Музыка, а этим термином Крижанич обозначает как инструментальную, так и вокальную музыку, не способна возбудить серьезных отрицательных эмоций — чувства печали, скорби, вызвать слезы, так как «всякая музыка доставляет наслаждение, а наслаждение не способствует истинной скорби» (387—388). Крижанич здесь как бы полемизирует с известными европейскими теоретиками музыкальной теории аффектов, существенно сужая ее границы до положительных эмоций и определяя таким образом более четко свое понимание эстетического.
Выражение сильной скорби лишено музыкального ритма.
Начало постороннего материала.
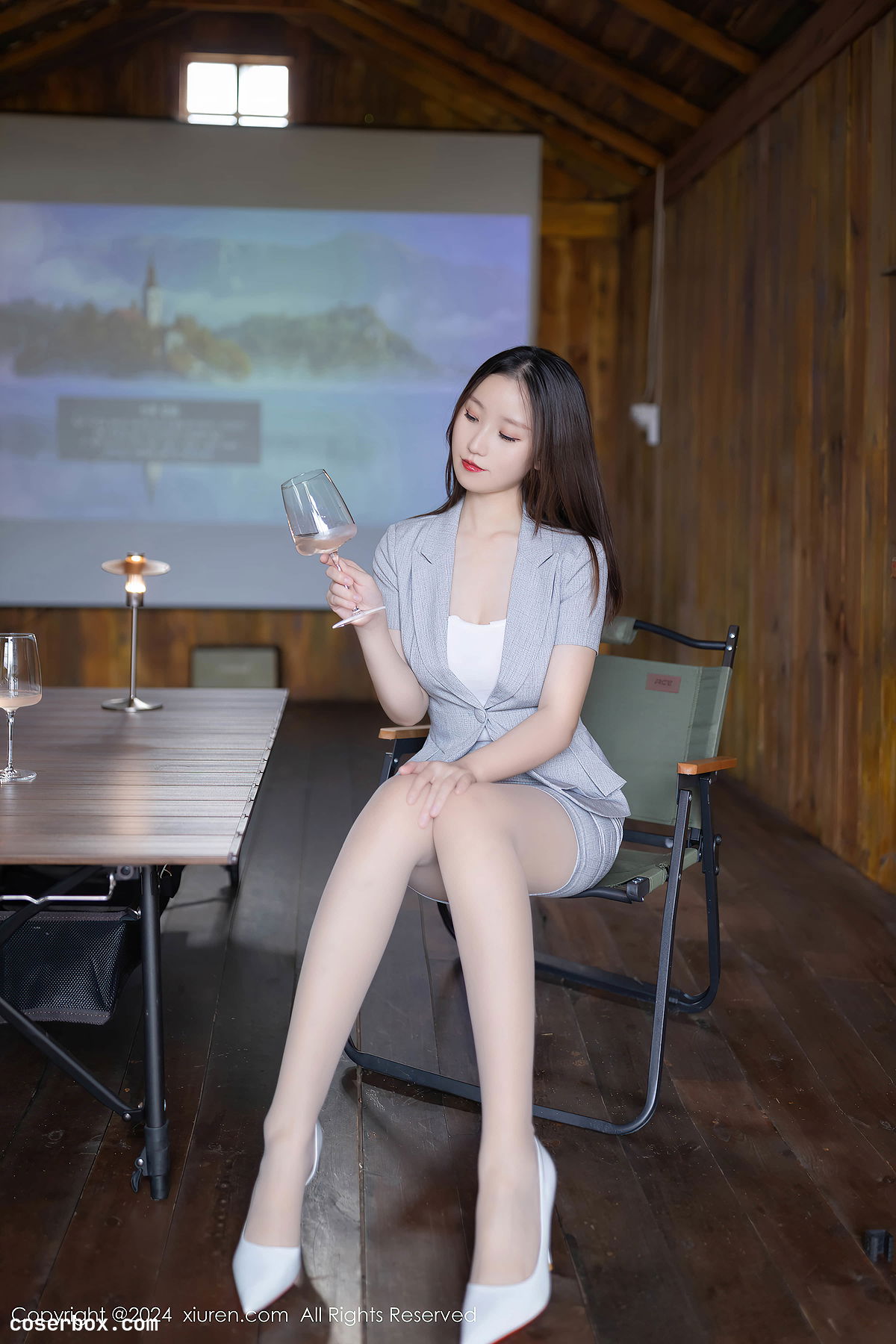 XiuRen秀人网 2024.11.20 NO.9474 杏子Yada 丝袜美腿 [81P 701MB] - 1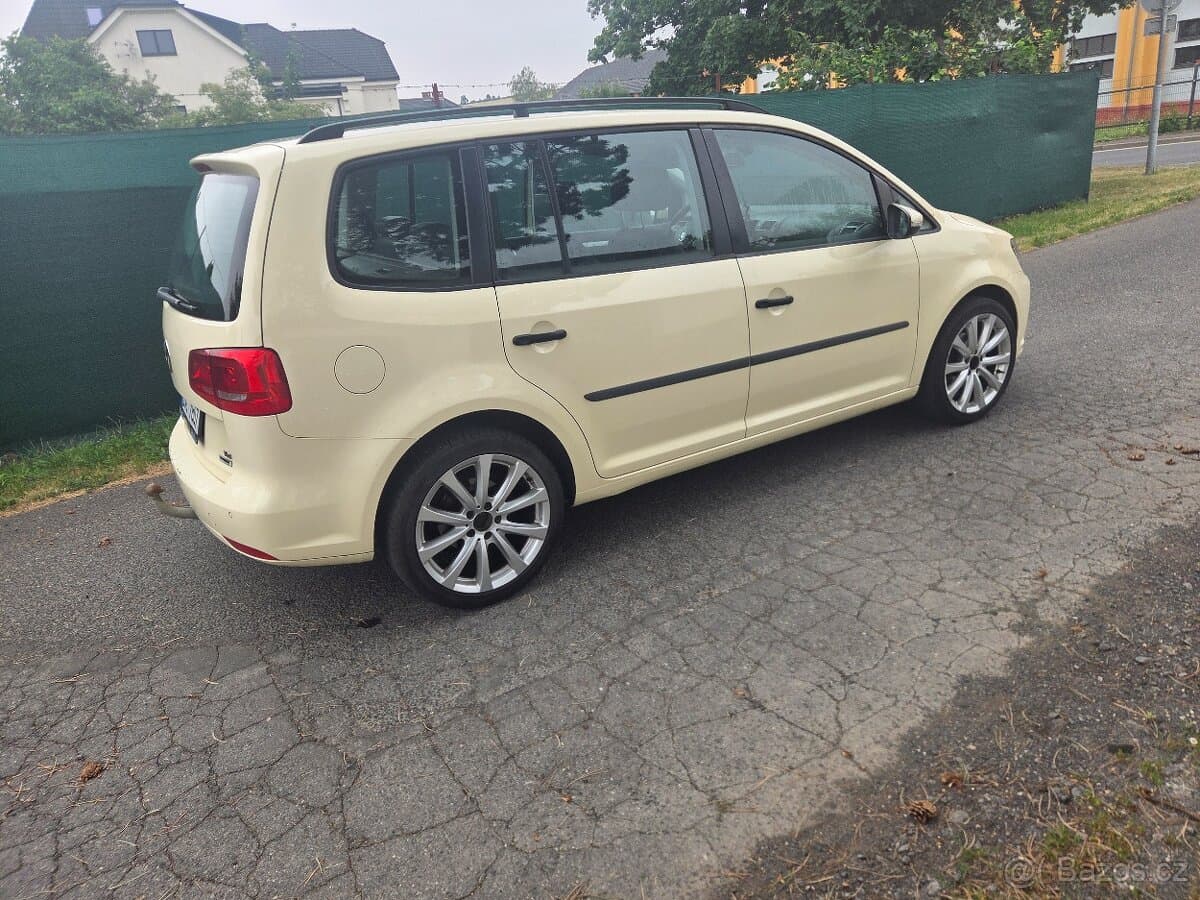 2015 Volkswagen TOURAN - 3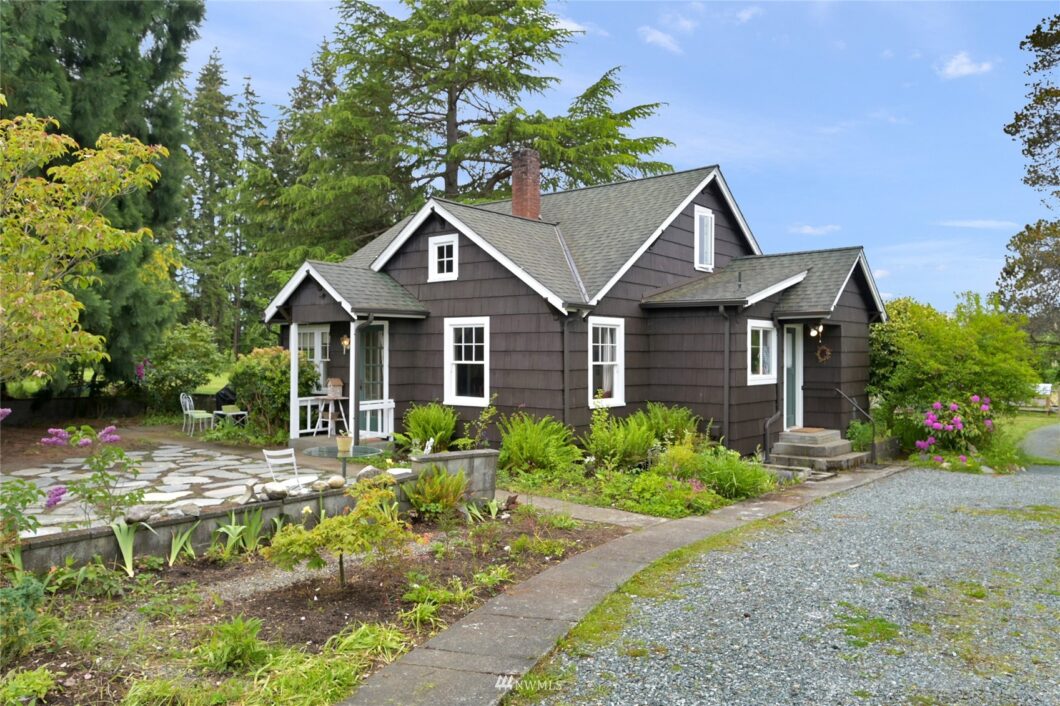 5534 Cameron Rd Freeland 6 Acres on Whidbey Island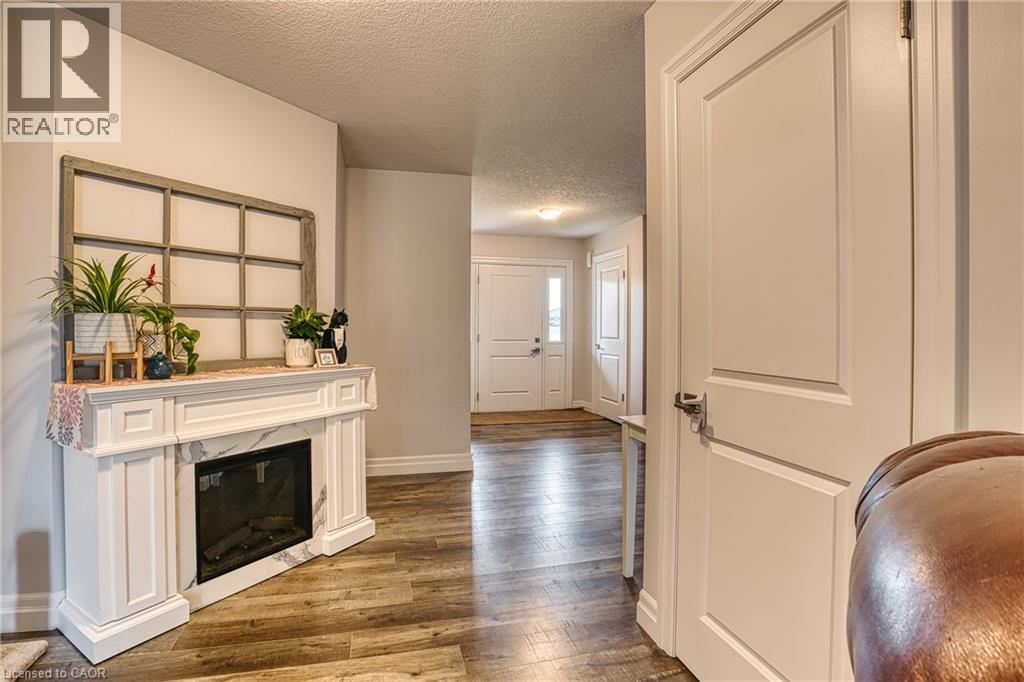 885 BINNING Street W - Image 8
При умеренной или искусственной печали, например у профессиональных плакальщиц, пение приобретает музыкальный ритм, но оно служит не для того, чтобы усилить скорбь, а, напротив, для утешения. Печальные песни, как и трагедии известных поэтов, вызывают у людей сострадание и даже слезы, однако «такое сострадание не печалит, а скорее доставляет наслаждение» (388).
Юрий Крижанич, пожалуй, первым из юго–восточных славян так ясно осознал собственно эстетический смысл и музыки, и трагического. Ему помогла в этом его огромная эрудиция. Даже в Сибири, где он вряд ли имел под рукой все необходимые книги, хотя ему было позволено взять туда свою большую библиотеку, он постоянно цитирует или пересказывает античных авторов—Цицерона, Овидия, Пифагора, Платона и др.
Свое понимание музыки он разрабатывает, опираясь прежде всего на античное наследие, но воспринятое очень критически. Теорию Пифагора о целебной силе музыки он считает суеверием; высмеивает и идеи Платона о сдерживающей силе музыки. По его убеждению, музыка может возбуждать страсти, но никак не обуздывать их, так как ее главная цель—наслаждение и увеселение (388). Крижанич настолько абсолютизирует гедонистический аспект музыки, что отказывается считать музыкой ту, которая не доставляет наслаждения (389).